»»
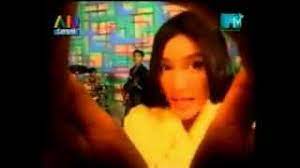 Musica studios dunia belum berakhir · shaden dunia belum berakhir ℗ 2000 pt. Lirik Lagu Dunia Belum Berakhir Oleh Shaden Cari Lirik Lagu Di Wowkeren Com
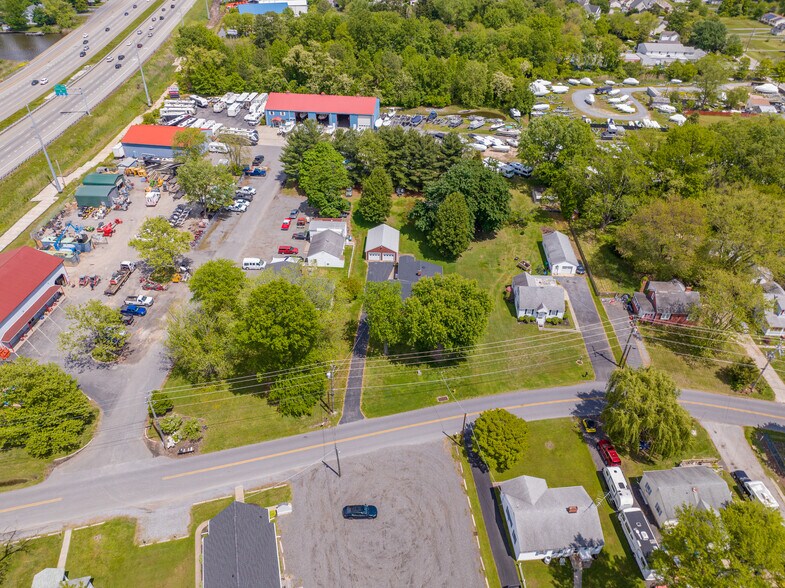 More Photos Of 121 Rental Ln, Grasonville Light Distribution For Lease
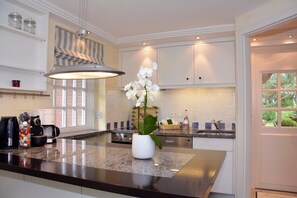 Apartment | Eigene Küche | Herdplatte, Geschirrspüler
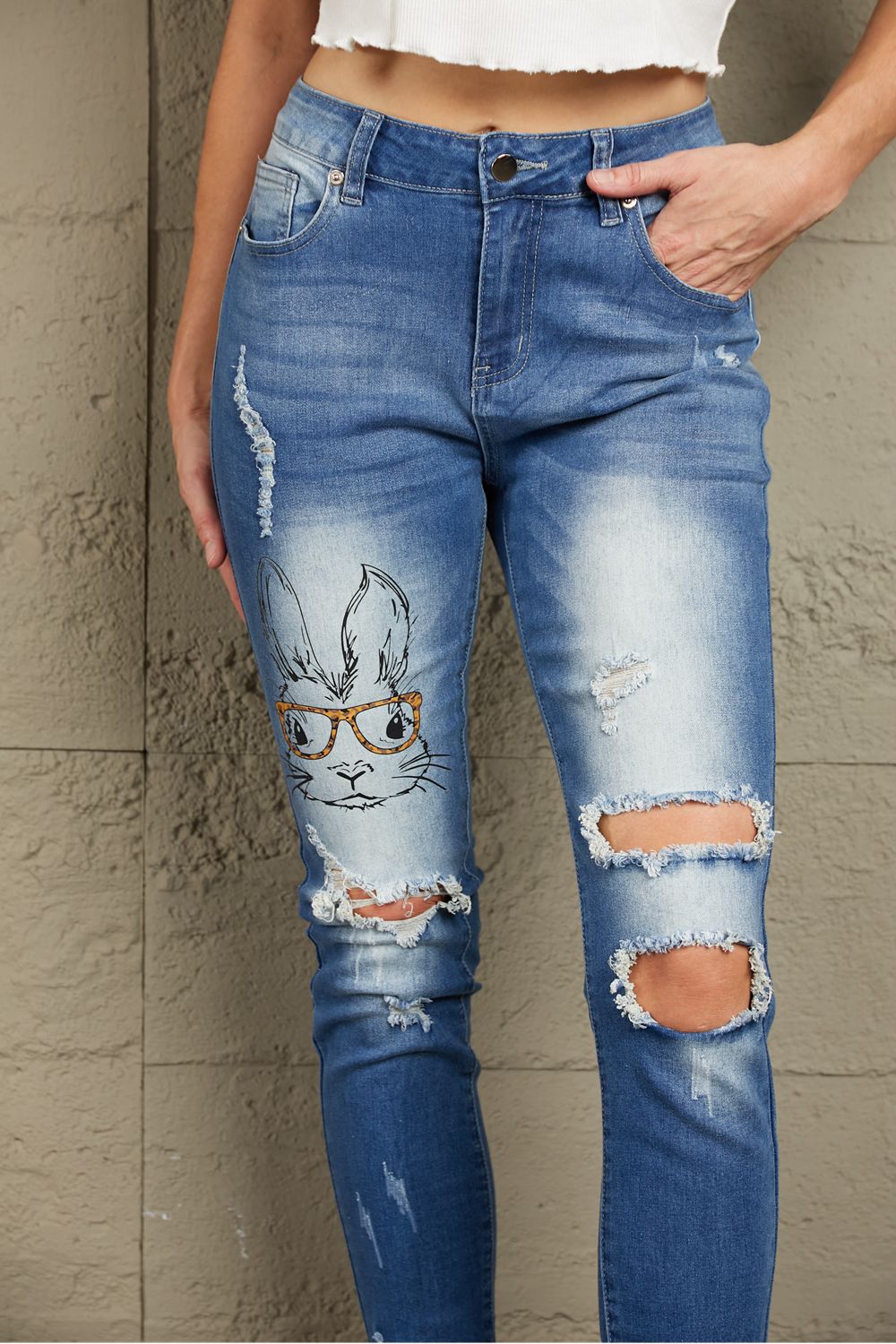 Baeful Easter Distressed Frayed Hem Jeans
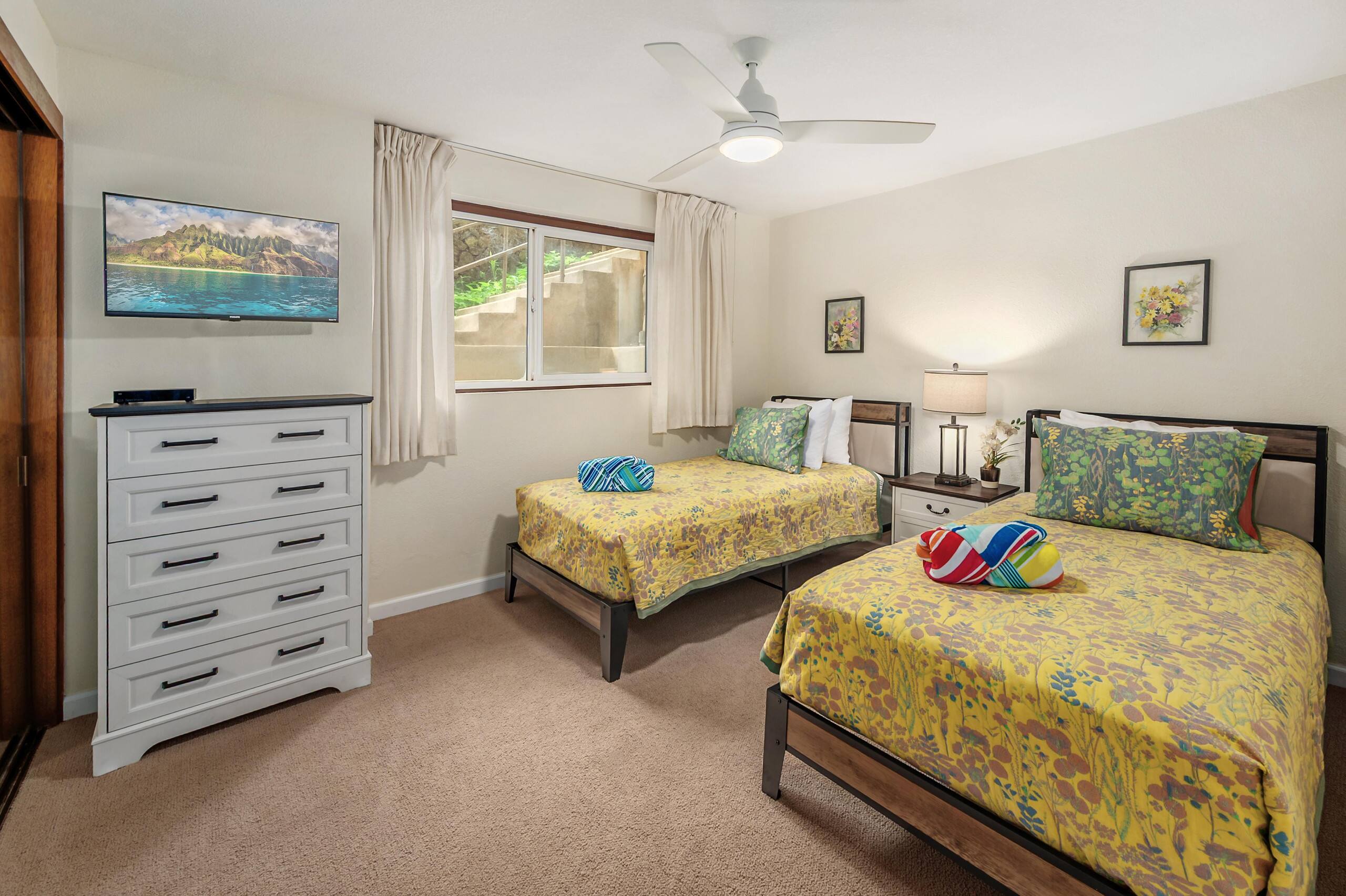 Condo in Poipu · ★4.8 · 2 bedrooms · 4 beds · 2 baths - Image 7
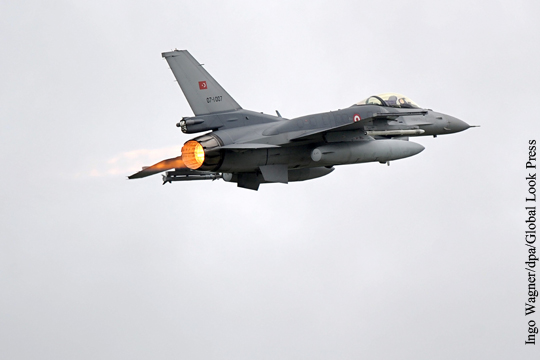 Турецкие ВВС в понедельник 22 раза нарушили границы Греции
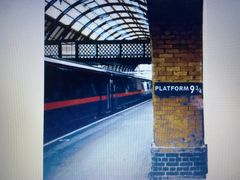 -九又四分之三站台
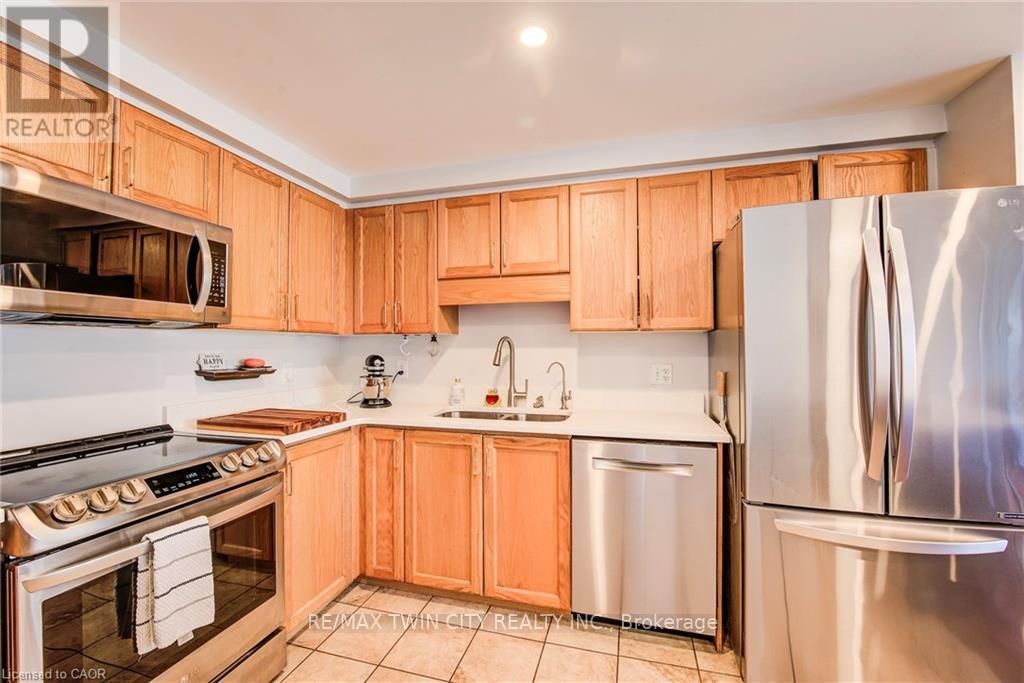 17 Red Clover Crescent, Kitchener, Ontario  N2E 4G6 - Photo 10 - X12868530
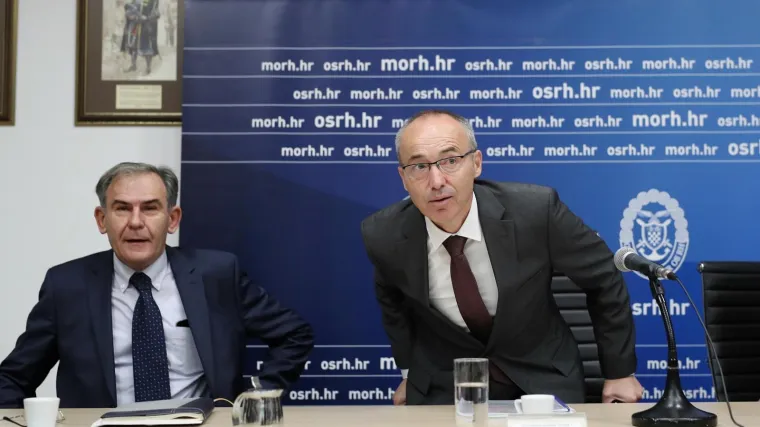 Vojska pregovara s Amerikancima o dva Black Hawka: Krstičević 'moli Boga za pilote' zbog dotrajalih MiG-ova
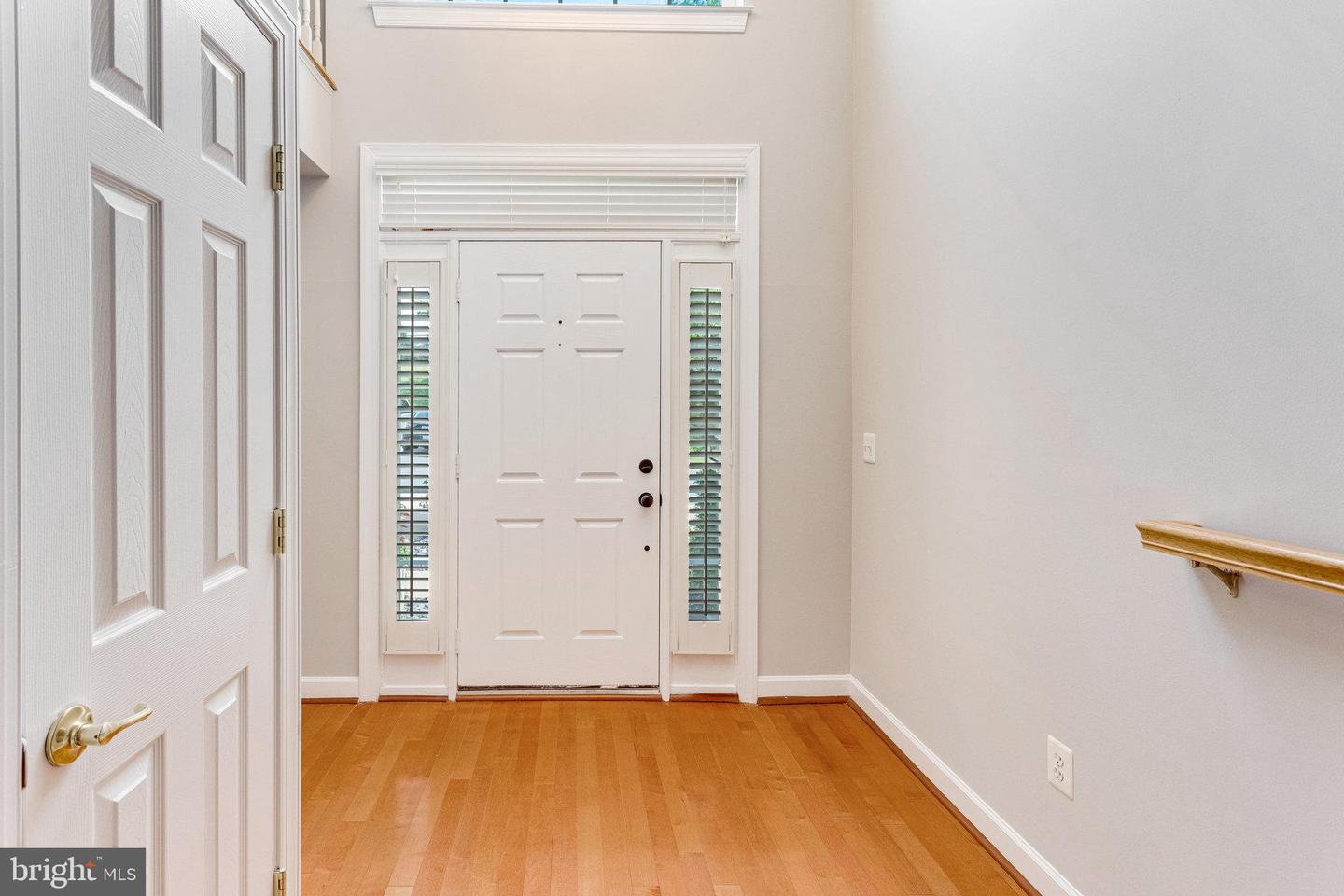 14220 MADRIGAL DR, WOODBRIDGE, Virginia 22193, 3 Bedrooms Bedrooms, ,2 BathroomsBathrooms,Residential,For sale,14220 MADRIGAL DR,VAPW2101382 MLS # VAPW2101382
««
-- Assignment --
All lines from the one holding "Apartment | Eigene" through the last line of the records need to be copied exactly, both ends included, and the pictures left behind.

-- Answer --
 Apartment | Eigene Küche | Herdplatte, Geschirrspüler
 Baeful Easter Distressed Frayed Hem Jeans
 Condo in Poipu · ★4.8 · 2 bedrooms · 4 beds · 2 baths - Image 7
 Турецкие ВВС в понедельник 22 раза нарушили границы Греции
 -九又四分之三站台
 17 Red Clover Crescent, Kitchener, Ontario  N2E 4G6 - Photo 10 - X12868530
 Vojska pregovara s Amerikancima o dva Black Hawka: Krstičević 'moli Boga za pilote' zbog dotrajalih MiG-ova
 14220 MADRIGAL DR, WOODBRIDGE, Virginia 22193, 3 Bedrooms Bedrooms, ,2 BathroomsBathrooms,Residential,For sale,14220 MADRIGAL DR,VAPW2101382 MLS # VAPW2101382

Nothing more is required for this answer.